DESCRIPTION OF THE TASK. Lift out, unaltered, the lines of the material below between the line holding "TRUE ALIGNMENT UNTIL COMPLETION OF ERECTION" and the line holding "TWO COAT SYSTEM OF BROWN AND FINISH COATS", counting both.

DATA EXTRACT.
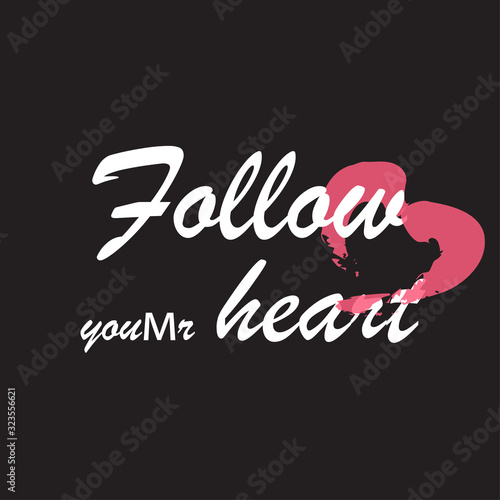 Beautiful phrase Follow your heart for applying to t-shirts. Stylish design for printing on clothes and things. Inspirational phrase. Motivational call for placement on posters and vinyl stickers.
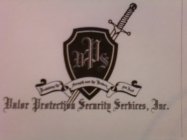 PROVIDING THE STRENGTH AND BRAVERY YOU NEED VALOR PROTECTION SECURITY SERVICES INC.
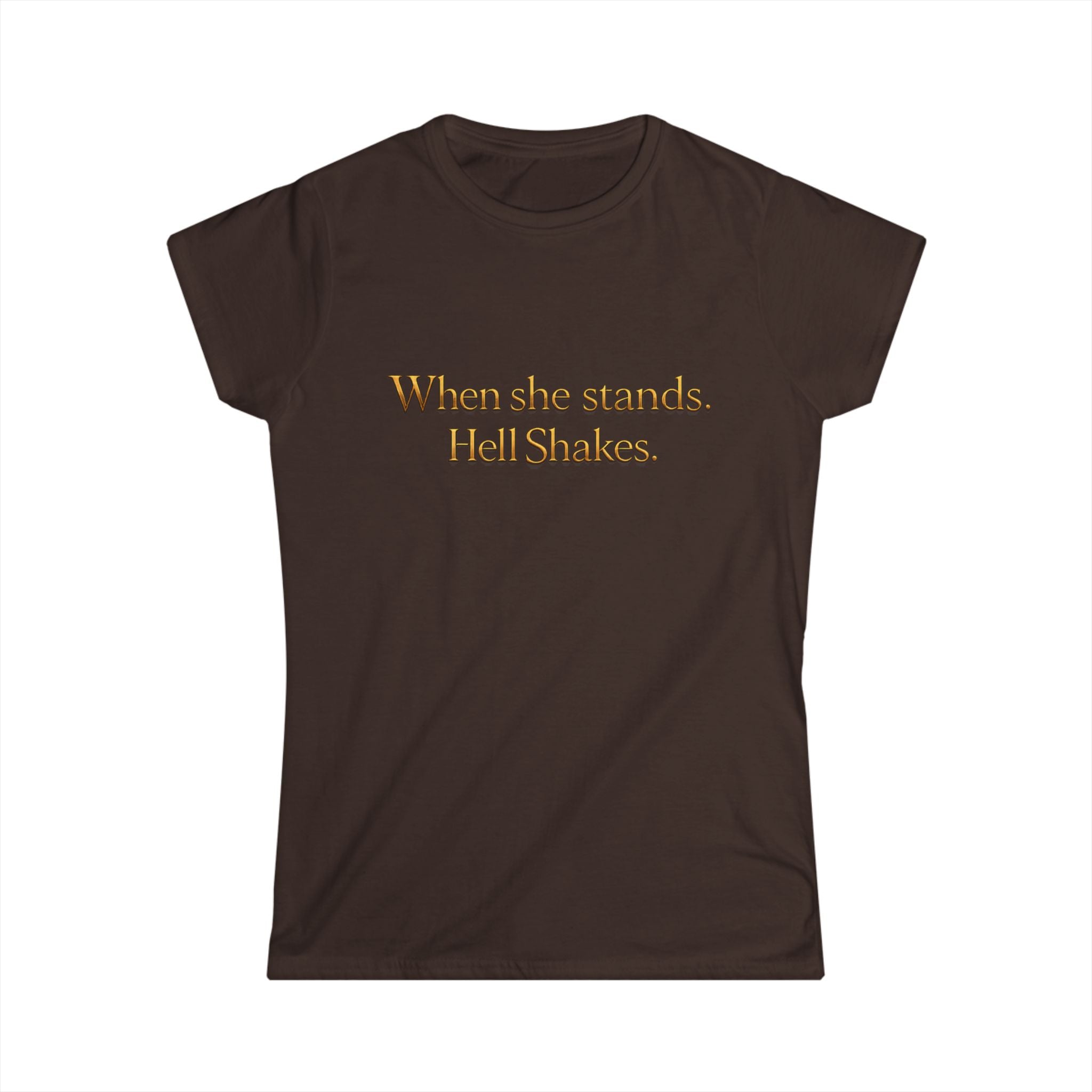 Christian Inspirational Tee — “When She Stands, Hell Shakes” / “For God Is Within Her”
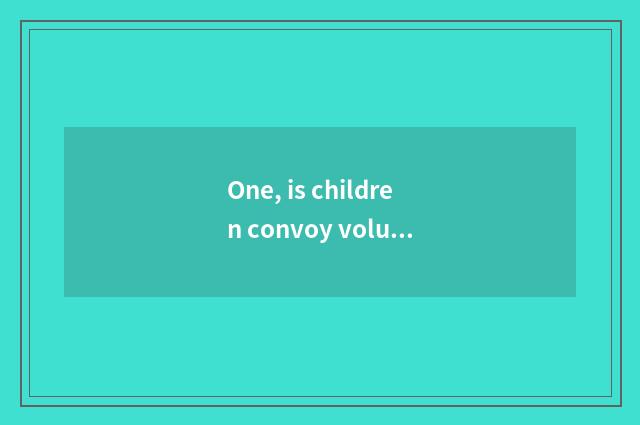 One, is children convoy volunteer service content?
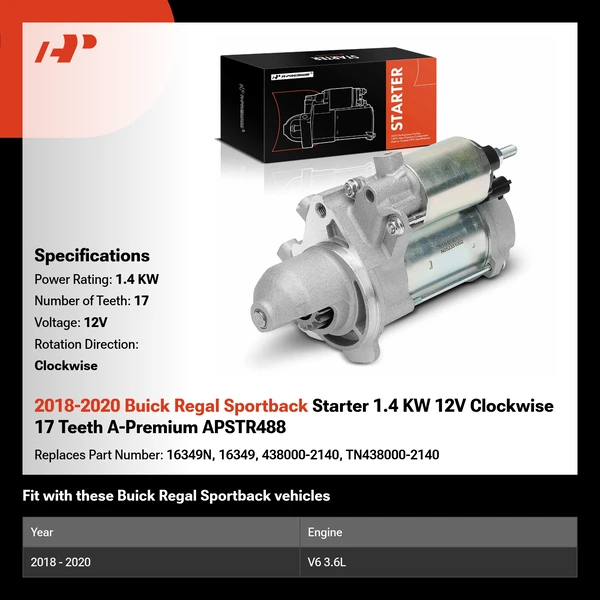 2018-2020 Buick Regal Sportback Starter 1.4 KW 12V Clockwise 17 Teeth A-Premium APSTR488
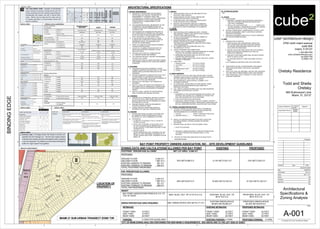 THE WORK WITH A MINIMUM OF JOINTS OR THE OPTIMUM
AND HANDLING. PROTECT BOTTOM OF STACK AGAINST
DO NOT STORE DRESSED OR TREATED LUMBER OR
KEEP MATERIALS DRY DURING DELIVERY, STORAGE
HURRICANE ANCHORING SHALL BE INSTALLED FROM
INSTALL UPLIFT CONNECTORS AND HURRICANE TIE DOWNS
AFTER ERECTION, FIELD PRIME ALL AREAS EXCEPT
DO NOT EXCEED HEAD JOINT THICKNESS PLUS OR
PROVIDE TERMITE SHIELD AND 15# FELT BELOW ALL WOOD
3. WALL ....................................1/2" CDX PLYWOOD
FIBERGLASS FLOOR ....
FLOOR ..................................
4.
5.
3/4" BC PLYWOOD
3/4" T&G PLYWOOD
VI. ROUGH
CARPENTRY
F.
D.
E.
C.
B.
A.
D.
JOINT ARRANGEMENT
FOUNDATION THROUGH ROOF
SHINGLE ROOF ...............
TILE ROOF..........................
FRAMING TO MASONRY
TOLERANCE OF 1/8" IN 10'
ALL FRAMING SHALL BE PLUMB AND LEVEL TO A
AS NOTED ON DRAWINGS (SIMPSON OR EQL.)
ROUGH HARDWARE AND CONNECTIONS:
SHEATHING:
1.
2.
3.
1.
2.
1/2" CDX PLYWOOD
5/8" CDX PLYWOOD
CONTACT WITH DAMP SURFACES
BOWED, TWISTED OR TOO SMALL TO FABRICATE
DISCARD MATERIAL WHICH IS UNSOUND, WARPED,
AND INSTALLATION OF PERMANENT ATTACHMENTS
TRUE ALIGNMENT UNTIL COMPLETION OF ERECTION
PROVIDE FOR TEMPORARY BRACING TO MAINTAIN
PLYWOOD OUTDOORS
2.
3.
TOLERANCES:
V. METALS
IV. MASONRY
PROPER UNITS SHALL BE USED TO PROVIDE FOR
ALL WINDOWS, DOORS, BOND BEAMS, LINTELS,
PILASTERS, ETC. WITH A MINIMUM OF CUTTING
C.
A.
B.
B.
1.
A.
DO NOT EXCEED BED JOINT THICKNESS PLUS OR
ADJACENT FINISH SURFACE
GRIND EXPOSED JOINTS FLUSH AND SMOOTH WITH
FOREIGN MATTER PRIOR TO FINISHING
CLEAN SURFACE OF RUST, SCALE, GREASE AND
TO BE IN CONTACT WITH CONCRETE
MINUS 1/8", WITH A MAXIMUM THICKNESS OF 1/2".
MORTAR JOINTS:
MINUS 1/8".
PLUMB: NOT TO EXCEED 1/4" IN 10', OR 3/8" IN
DO NOT EXCEED 1/8" BETWEEN ADJACENT FLOOR
40'. FOR TOP SURFACES OF BEARING WALLS
LEVEL: NOT TO EXCEED 1/4" IN 20', NOR 1/2" IN
20', NOR 1/2" IN 40'
ELEMENTS IN 10'
PAINT FINISH SHALL BE CUT SHARPLY TO LINE. PROTECT
EACH COAT SHALL BE UNIFORMLY APPLIED, WELL BRUSHED
OUT AND FREE OF BRUSH MARKS, RUNS, SAGS OR SKIPS
RESULTING OVER SPRAY, AND FOR ALL NECESSARY
SUBCONTRACTOR WILL BE RESPONSIBLE FOR DAMAGE
ALL EXPOSED EDGES OF TRIM TO BE SAME COLOR AS
TRIM AND OTHER FINISH WORK SHALL BE BACK PAINTED
CRACKS, HOLES AND KNOTS SHALL BE FILLED, SANDED
NO THINNING OF MATERIAL SHALL BE ACCEPTABLE
SMOOTH AND SEALED. SANDING DUST SHALL BE
ADJACENT SURFACES
D.
C.
FACE
CLEANUP
COMPLETELY REMOVED
PRIOR TO INSTALLATION
B.
5.
3.
4.
2.
WITH WOOD FRAMING BACKING
SCALE AND EFFLORESCENCE
PROVIDE ELASTOMERIC PAINT ON ALL STUCCO SURFACES
SURFACE SHALL BE CLEAN AND DRY, AND IN SUIT-
ABLE CONDITIONS FOR FINISH SPECIFIED. REMOVE
ALL GREASE, BOND BREAKING AGENTS, DUST, MIL
AND FINISH COATS (7/8" TOTAL THICKNESS)
METAL LATH OVER SHEATHED........................ THREE COAT
SYSTEM, INTERNALLY REINFORCED OF SCRATCH, BROWN
DEVICES AS REQUIRED. VERIFY LOCATION OF CONTROL
PROVIDE CORNER MESH, CORNER BEADS, CONTROL JOINT
TWO COAT SYSTEM OF BROWN AND FINISH COATS
MASONRY, CONCRETE OR OTHER RIGID SUBSTRATES.......
JOINTS WITH DESIGNER
PREPARATION OF SURFACEA.
X. PAINT
1.
C.
B.
IX. STUCCO
APPLICATIONS:
( 5/8" TOTAL THICKNESS)
2.
A.
1.
MAINTAIN SITE FREE OF WASTE MATERIALS, DEBRIS
BACK FILL SHALL BE PLACED IN 6" MAXIMUM LIFTS
PERFORM EXCAVATION ACCORDING TO GOOD
REQUIRED
DRAWINGS
MEET THE STATED SOIL PRESSURE
DENSITY
III. CONCRETE
NO PUDDLING TO OCCUR
FREE OF DEBRIS AND ORGANIC MATERIAL
CONCRETE FLAT WORK SHALL BE TRUE TO WITHIN
1/8" IN 8 FEET IN ALL DIRECTIONS OR SLOPED TO
DRAIN AS INDICATED ON THE DRAWINGS ALLOWING
BACK FILL SHALL CONSIST OF NON EXPANSIVE,
AND COMPACTED TO MINIMUM 95% (UNDER SLABS-
PROVIDE CONSISTENT COMPACTION OF THE TOP 6"
OF SUB GRADE, FILL AND BACKFILL MATERIAL
BENEATH STRUCTURES, WALKS AND PAVEMENTS TO
PROVIDE SOIL TREATMENT FOR TERMITES AS
GRADES AND ELEVATIONS INDICATED ON THE
COMMON CONSTRUCTION PRACTICES, TO THE LINES,
ON-GRADE) AND 90% (ELSEWHERE) OF MAXIMUM
CURING: PREVENT PREMATURE DRYING IN
CONCRETE MANUFACTURER
EXCESSIVE HOT AND COLD TEMPERATURES
PROVIDE CONTROL JOINTS AS REQUIRED BY
C.
B.
A.
E.
D.
C.
B.
SHALL BE SUBJECT TO ADDITIONAL FEES.
NOT BE HELD RESPONSIBLE.
W/ MFG'R SPECIFICATIONS.
ABLE PER CODES.
ALL GIRDERS, BEAMS AND HEADERS.
ACCESS TO ALL WORK
PROVIDE SOLID VERTICAL FRAMING BELOW
VERIFY ALL WINDOW & DOOR ROUGH OPENINGS
LOCATE ALL PLUMBING STACKS BEYOND THE
FRONT ELEVATION ROOF RIDGES IF ALLOW-
PLANS BY ANY OTHER PARTY OTHER THAN THE
DESIGNERS OFFICE, THE DESIGNER SHALL
AFTER THE FINAL PLANS HAVE BEEN COMPLETED
THE CORRECTION OF ERRORS THAT ARE MADE
THE CONTRACTOR SHALL PROVIDE THE DESIGNER
CONDITION
II. SITE WORK
AND RUBBISH. MAINTAIN SITE CLEAN AND ORDERLY
A.
I.
G.
H.
F.
E.
D. IF ANY MODIFICATIONS ARE MADE TO THESE
CONSTRUCTION.
CODES PRIOR TO COMMENCEMENT OF ANY
RESPONSIBILITY TO REVIEW, VERIFY AND
l. GENERAL REQUIREMENTS:
OFFICE SHALL NOT RELIEVE THE BUILDER OF
COORDINATE ALL CONTENTS, NOTES, DIMENSIONS,
AND ADHERENCE TO APPLICABLE BUILDING
ANY DISCREPANCIES SHALL BE BROUGHT TO THE
CONSTRUCTION.
ATTENTION OF THE DESIGNERS OFFICE FOR
CORRECTION BEFORE COMMENCEMENT OF ANY
ANY REVISIONS OR CHANGES NOT RELATED TOC.
B.
A. ISSUANCE OF PLANS FROM THE DESIGNER'S
1. CLEARANCE AT THE LOCK AND HANGING STILES AND AT THE
PROVIDE GUTTERS AND DOWN SPOUTS AS SELECTED BY
PROVIDE FLASHING REQUIRED TO PREVENT PENETRATION
OF WATER THROUGH THE EXTERIOR SHELL OF THE
SLATE TILE ROOFING
VIII. GYPSUM WALLBOARD
N/A
BUILDING
DESIGNER/OWNER.
D.
2.
1.
SPRAY FOAM INSULATION (R-30)
1" RIGID INSUL (R-5)
PROVIDE THERMAL BUILDING INSULATION AT ASSEMBLIES
INSTALL IN CONTINUOUS BLANKETS WITHOUT HOLES FOR
THE REQUIREMENTS OF GOVERNING CODES
ADJACENT TO EXTERIOR OR UNHEATED SPACES MEETING
VII. THERMAL AND MOISTURE PROTECTION
ELECTRICAL BOXES, LIGHTING FIXTURES OR HEATING
ROOFING SHALL BE ONE OF THE FOLLOWING TYPES:
TOP SHALL NOT EXCEED 1/8". CLEARANCE AT THE BOTTOM
WITH ALL HARDWARE PROPERLY ADJUSTED AND FUNCTIONING
STICKING OR BINDING WITHOUT HINGE BOUND CONDITIONS; AND
DOOR SHALL OPERATE FREELY, BUT NOT LOOSELY, WITHOUT
SHALL BE ADJUSTED FOR THE FLOOR FINISH
LOCK STILE EDGES SHALL BE BEVELED
2. MASONRY WALLS..........
DUCTWORK
B.
C.
CEILING..............................1.
A.
2.
3.
CORNERS SHALL BE NEATLY MITERED, OR COPED WITH NAILS
ALL JOINTS TO BE TIGHT AND TRUE AND SECURELY FASTEN
WOOD WORK SHALL BE ACCURATELY SCRIBED TO FIT
SET AND SURFACES FREE FROM TOOL MARKS
EDGES AND SPLINTERS REMOVED AND COMPLETELY
FULL LENGTH CONTINUO BOARDS SHALL BE USED WHEREVER
APPLICABLE OR SPECIFICALLY NOTED
ALL WORK SHALL BE MACHINED OR HAND SANDED, SHARP
ADJOINING SURFACES
PREPARED FOR FINISH
VI. FINISH CARPENTRY
DOORS:
D.
E.
C.
B.
A.
ARCHITECTURAL SPECIFICATIONS
cube² (architecture+design)
2700 north miami avenue
suite 804
miami, fl 33127
t: 305.586.8169
www.cube2architecture.com
aa-26001789
ib-26001134
BINDINGEDGE
Design Professional FL License
Number
Signature
Jorge Alberto Pernas
AR92904
ID5632
Revisions
Sheet Information
DateIssueNumber
Date
Job Number
Scale
Drawn
Checked
Approved
Title
Sheet
© Copyright 2012 cube² (architecture+design)
12345
12345
A
B
C
A
B
C
D
3/8" = 1'-0"
Oretsky Residence
Todd and Sheila
Oretsky
665 Buttonwood Lane
Miami, FL 33137
2013_01
SM
JAP
JAP
03/20/2013
A-001
Architectural
Specifications &
Zoning Analysis
ARTICLE 4 - TABLE 6
ARTICLE 4 - TABLE 4
ARTICLE 4 - TABLE 1
MIAMI ATLAS - ZONING TRANSECTS
ARTICLE 4 - TABLE 2
ARTICLE 4 - TABLE 3
ARTICLE 5 - T3-R,L,O - ILLUSTRATION 5.3
BAY POINT RULES AND
REGULATIONS PROPOSED
10,000 Square Feet.
109.90 Feet
13,904 Square Feet.
88.17 Feet
22.6 % 22.6 %
48% N/A
6.9 du/acre 6.9 du/acre
N/A N/A
N/A N/A
10 Feet
10
Bay Point Property Site Development
Guidelines - Setbacks
10 Feet
35 Feet
N/A
N/A N/A
N/A
N/A
N/A N/A
N/A N/A
None None
2 Story and 25 feet
N/A N/A
N/A N/A
N/A N/A
30% minimum 77%
22 Feet
N/A
Established Setbacks - Article 3
12 Feet
50 Feet
N/A
N/A
N/A
N/A
N/A
N/A
N/A
2 Story and 19 feet
EXISTING
13,904 Square Feet.
88.17 Feet
22.6 %
N/A
6.9 du/acre
N/A
N/A
22 Feet
N/A
Established Setbacks - Article 3
12 Feet
50 Feet
N/A
N/A
N/A
N/A
N/A
None
2 Story and 19 feet
N/A
N/A
N/A
80%
N/A
N/A
N/A
N/A N/AN/A
N/A 76% 76%
ZONING DATA AND CALCULATIONS
BAY POINT PROPERTY OWNERS ASSOCIATION, INC. - SITE DEVELOPMENT GUIDELINES
LOCATION OF
PROPERTY
ALLOWED PER BAY POINT PROPOSED
FOOTPRINT PERCENTAGE ALLOWED
35% NET/4,866 S.F. 21.9% NET/3,051 S.F.
PROPOSED:
GROUND FLOOR: 2,394 S.F.
(SECOND FLOOR: 1,987 S.F.)
EXISTING GARAGE TO REMAIN: 521 S.F.
EXISTING TERRACE TO REMAIN: 290 S.F.
TOTAL FOOTPRINT PROPOSED:
FAR PERCENTAGE ALLOWED
48% NET/6,674 S.F.
PROPOSED:
GROUND FLOOR: 2,394 S.F.
(SECOND FLOOR: 1,987 S.F.)
EXISTING GARAGE TO REMAIN: 521 S.F.
EXISTING TERRACE TO REMAIN: 290 S.F.
TOTAL FAR PROPOSED:
33.95% NET/4,720 S.F.
HEIGHT
BAY POINT ASSOCIATION FROM N.G.V.D. TO
TOP OF ROOF
MAX. BLDG. HGT. OF 41'-6" N.G.V.D. EXISTING BLDG. HGT. OF
38'-6" N.G.V.D.
GREEN PERCENTAGE AREA REQUIRED MIN. GREEN-SPACE 30% NET/4,171 S.F.
EXISTING GREEN-SPACE
66.82% NET/9,290 S.F.
SETBACKS:
FRONT YARD: 10 FEET
SIDE YARD: 10 FEET
REAR YARD: 35 FEET
EXISTING SETBACKS:
FRONT YARD: 22 FEET
SIDE YARD: 12 FEET
REAR YARD: 50 FEET
PARKING: 4 CARS PER GUIDELINES EXISTING PARKING:4 CARS
*CITY OF MIAMI ZONING ANALYSIS PERFORMED PER NEW MIAMI 21 REQUIREMENTS - SEE ABOVE AND TO THE LEFT SIDE OF SHEET
NET LOT AREA: 13,904 S.F.
EXISTING
PROPOSED PARKING: 4 CARS
PROPOSED SETBACKS:
FRONT YARD: 22 FEET
SIDE YARD: 12 FEET
REAR YARD: 50 FEET
PROPOSED BLDG. HGT. OF
38'-6" N.G.V.D.
PROPOSED GREEN-SPACE
63.42% NET/8,818 S.F.
23% NET/3,205 S.F.
37.34% NET/5,192 S.F.
MIAMI 21 SUB-URBAN TRANSECT ZONE T3R
 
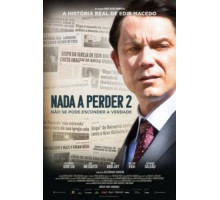 Нечего терять 2 (2019)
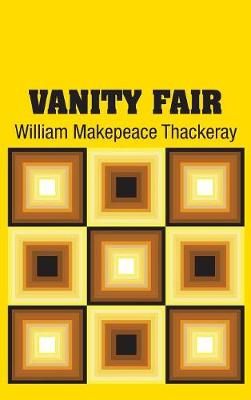 Vanity Fair By Thackeray 9781731707765 (Hardback)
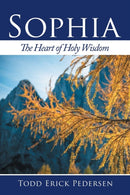 Sophia : The Heart of Holy Wisdom-9781452569956
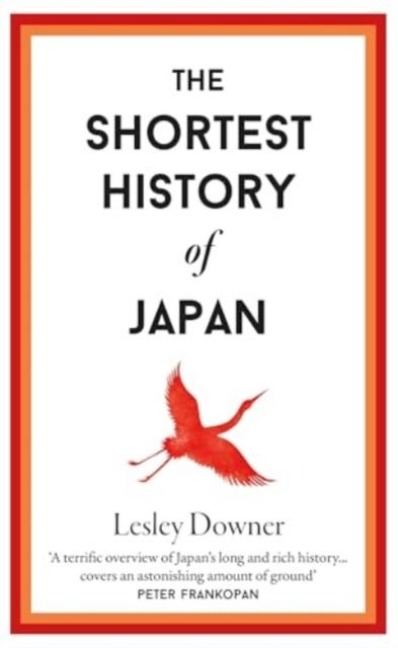 The Shortest History of Japan - Lesley Downer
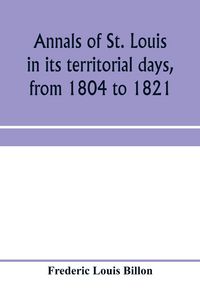 Produktbild: Annals of St. Louis in its territorial days, from 1804 to 1821; being a continuation of the author's previous work, the Annals of the French and Spani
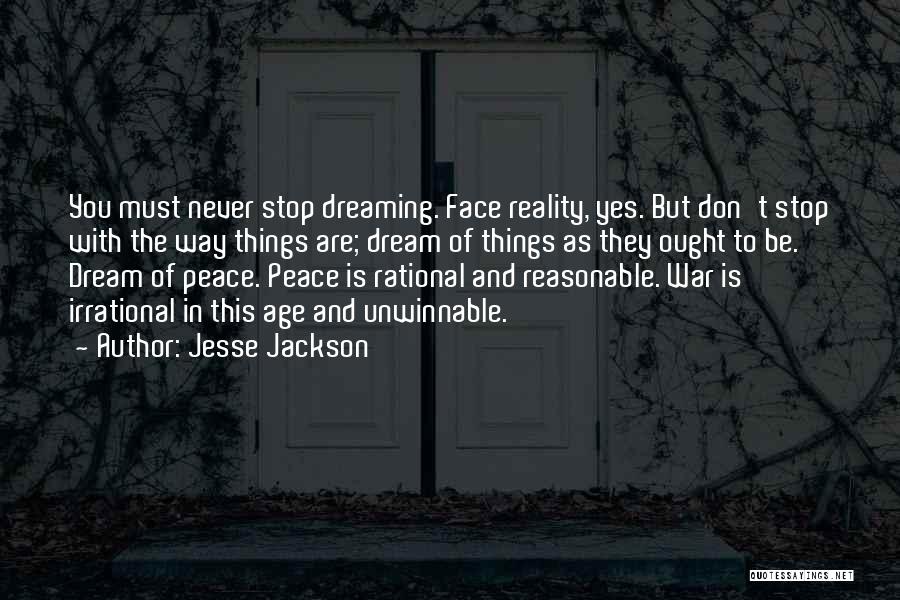 Jesse Jackson Quotes: You Must Never Stop Dreaming. Face Reality, Yes. But Don't Stop With The Way Things Are; Dream Of Things As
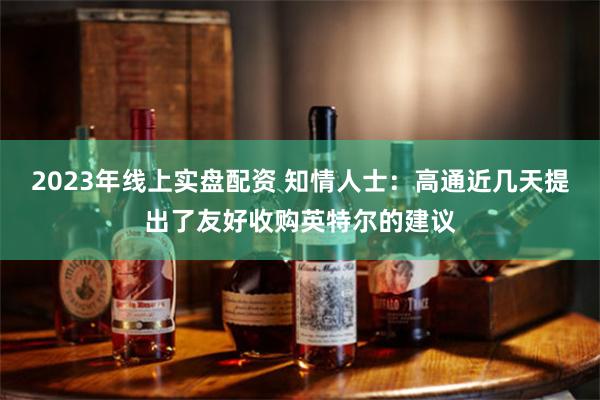 2023年线上实盘配资 知情人士：高通近几天提出了友好收购英特尔的建议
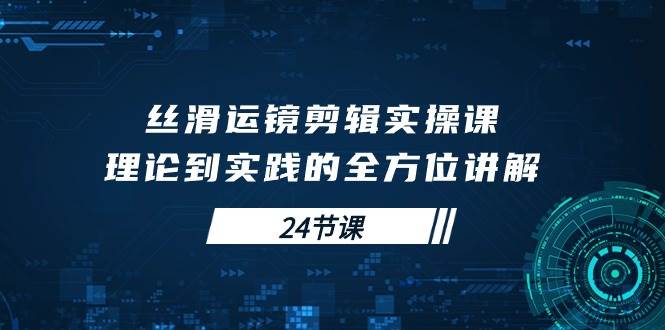 (10125期)丝滑运镜剪辑实操课,理论到实践的全方位讲解(24节课)网创吧-网创项目资源站-副业项目-创业项目-搞钱项目网创吧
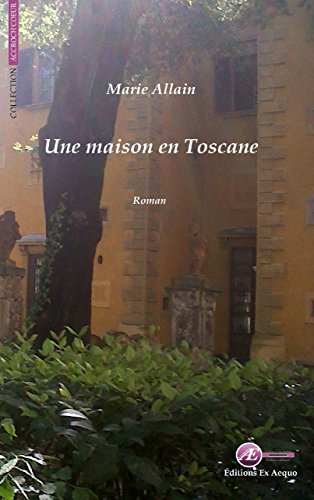 Une maison en Toscane: Roman sentimental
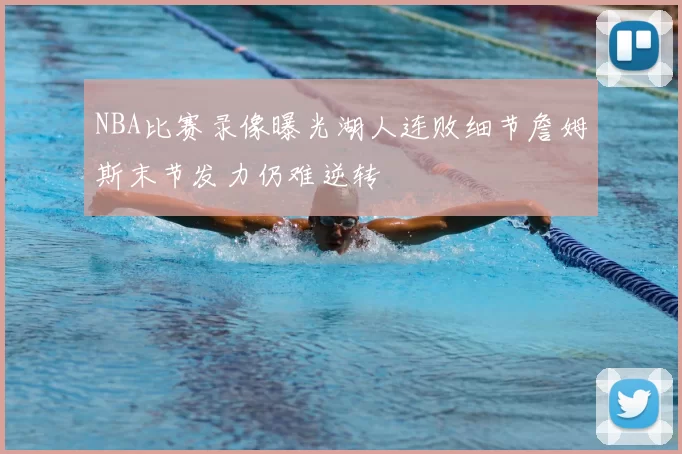 NBA比赛录像曝光湖人连败细节詹姆斯末节发力仍难逆转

WRITTEN RESPONSE.
TRUE ALIGNMENT UNTIL COMPLETION OF ERECTION
PROVIDE FOR TEMPORARY BRACING TO MAINTAIN
PLYWOOD OUTDOORS
2.
3.
TOLERANCES:
V. METALS
IV. MASONRY
PROPER UNITS SHALL BE USED TO PROVIDE FOR
ALL WINDOWS, DOORS, BOND BEAMS, LINTELS,
PILASTERS, ETC. WITH A MINIMUM OF CUTTING
C.
A.
B.
B.
1.
A.
DO NOT EXCEED BED JOINT THICKNESS PLUS OR
ADJACENT FINISH SURFACE
GRIND EXPOSED JOINTS FLUSH AND SMOOTH WITH
FOREIGN MATTER PRIOR TO FINISHING
CLEAN SURFACE OF RUST, SCALE, GREASE AND
TO BE IN CONTACT WITH CONCRETE
MINUS 1/8", WITH A MAXIMUM THICKNESS OF 1/2".
MORTAR JOINTS:
MINUS 1/8".
PLUMB: NOT TO EXCEED 1/4" IN 10', OR 3/8" IN
DO NOT EXCEED 1/8" BETWEEN ADJACENT FLOOR
40'. FOR TOP SURFACES OF BEARING WALLS
LEVEL: NOT TO EXCEED 1/4" IN 20', NOR 1/2" IN
20', NOR 1/2" IN 40'
ELEMENTS IN 10'
PAINT FINISH SHALL BE CUT SHARPLY TO LINE. PROTECT
EACH COAT SHALL BE UNIFORMLY APPLIED, WELL BRUSHED
OUT AND FREE OF BRUSH MARKS, RUNS, SAGS OR SKIPS
RESULTING OVER SPRAY, AND FOR ALL NECESSARY
SUBCONTRACTOR WILL BE RESPONSIBLE FOR DAMAGE
ALL EXPOSED EDGES OF TRIM TO BE SAME COLOR AS
TRIM AND OTHER FINISH WORK SHALL BE BACK PAINTED
CRACKS, HOLES AND KNOTS SHALL BE FILLED, SANDED
NO THINNING OF MATERIAL SHALL BE ACCEPTABLE
SMOOTH AND SEALED. SANDING DUST SHALL BE
ADJACENT SURFACES
D.
C.
FACE
CLEANUP
COMPLETELY REMOVED
PRIOR TO INSTALLATION
B.
5.
3.
4.
2.
WITH WOOD FRAMING BACKING
SCALE AND EFFLORESCENCE
PROVIDE ELASTOMERIC PAINT ON ALL STUCCO SURFACES
SURFACE SHALL BE CLEAN AND DRY, AND IN SUIT-
ABLE CONDITIONS FOR FINISH SPECIFIED. REMOVE
ALL GREASE, BOND BREAKING AGENTS, DUST, MIL
AND FINISH COATS (7/8" TOTAL THICKNESS)
METAL LATH OVER SHEATHED........................ THREE COAT
SYSTEM, INTERNALLY REINFORCED OF SCRATCH, BROWN
DEVICES AS REQUIRED. VERIFY LOCATION OF CONTROL
PROVIDE CORNER MESH, CORNER BEADS, CONTROL JOINT
TWO COAT SYSTEM OF BROWN AND FINISH COATS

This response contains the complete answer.